Joséphine n'avait pas le moindre scrupule à plumer les riches pigeons pour payer ses sorties -elle n'avait même pas assez d'argent sur elle pour régler son Chardonnay- mais elle préférait attendre d'avoir bien entamé son verre avant de se trouver un généreux donateur, ce qui lui évitait d'être importunée toute la soirée par des hommes qui semblaient penser qu'il suffisait de lui payer un verre de vin blanc pour s'attirer ses faveurs. Robin n'avait visiblement pas les mêmes méthodes, soit. La rouquine ne se retourna même pas pour jeter un regard à leur généreux pigeon, assis dans son dos, et sirota silencieusement son verre en écoutant la réponse pleine de mystère de Sofya sur la prochaine pièce de Castelli.

La belle actrice semblait visiblement hésiter à saisir cette nouvelle opportunité, pour des raisons qui échappaient complètement à Joséphine. L'argument des costumes faits par Cardamone aurait suffi à lui faire accepter n'importe quel rôle !

"La pièce serait pour quand ? interrogea-t-elle quand Sofya leur confia que tout allait un peu trop vite pour elle. Connaissant Castelli il va surement mettre encore des mois à la perfectionner, non ? Cela te laisse un peu de temps pour réfléchir," conseilla-t-elle avec un sourire encourageant.

La danseuse enviait un peu la carrière de Sofya, qui avait la chance de pouvoir briller sur les planches, admirée de tous, sans avoir à partager la scène avec une douzaine d'autres filles qui priaient pour qu'elle fasse la moindre erreur. Cela devait être agréable, d'être la vedette, de pouvoir charmer son public sans avoir à ôter tous ses vêtements. C'était une vie qui lui aurait plu, actrice, songeait-elle en sirotant son verre. Elle n'avait malheureusement aucun talent particulier pour le théâtre et était bien trop vieille pour débuter une quelconque carrière artistique.

C'était terrible, de songer que son avenir professionnel était déjà joué alors qu'elle avait à peine plus de trente ans, mais c'était la réalité du milieu. Peu de danseuse aux Folies continuaient de travailler passés quarante ans. Leur métier n'était peut-être pas le plus valorisant mais c'était toujours mieux que ce qui les attendait après. Que pouvait bien faire une ancienne danseuse de cabaret dont on ne voulait plus ? Que devenait les prostituées pour lesquelles plus aucun homme n'était prêt à dépenser quelques galions ?

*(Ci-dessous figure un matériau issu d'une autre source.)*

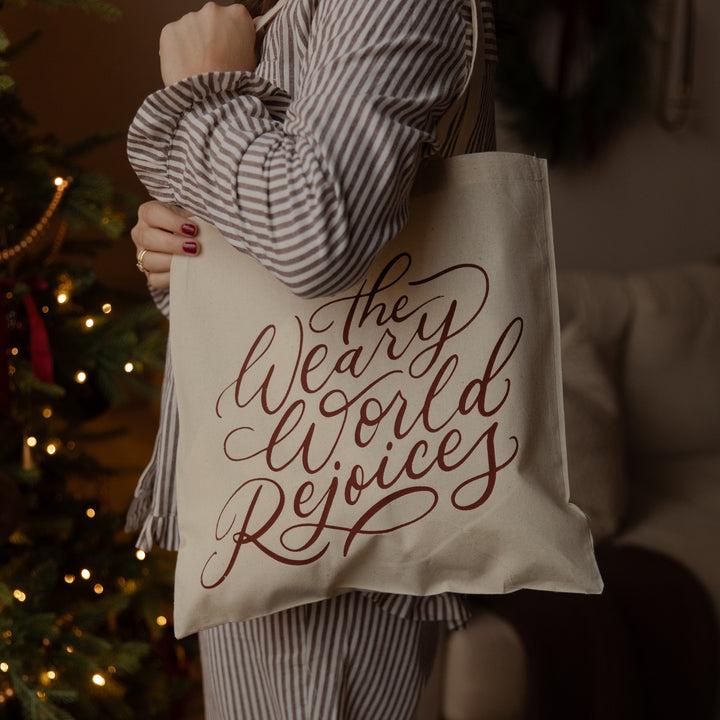 A person in a striped shirt holds a cream canvas tote bag with the phrase 'The Weary World Rejoices' in dark red script. The background is a cozy, dimly lit room with a blurred Christmas tree and couch.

Joséphine chassa ces pensées dans un recoin de son esprit. Elle n'aimait pas penser à ça. De manière générale, elle s'interdisait de réfléchir à sa vie, à sa situation, à ce qu'elle était devenue. Elle se disait danseuse alors qu'elle offrait un peu plus qu'un spectacle burlesque aux clients des Folies, elle refusait de voir le climat de danger qui enveloppait le cabaret ces derniers temps, elle ne pensait pas à l'avenir. Elle était consciente de se mettre des oeillères mais c'était le seul moyen qu'elle avait trouver pour continuer à avancer, toujours souriante, toujours enthousiaste.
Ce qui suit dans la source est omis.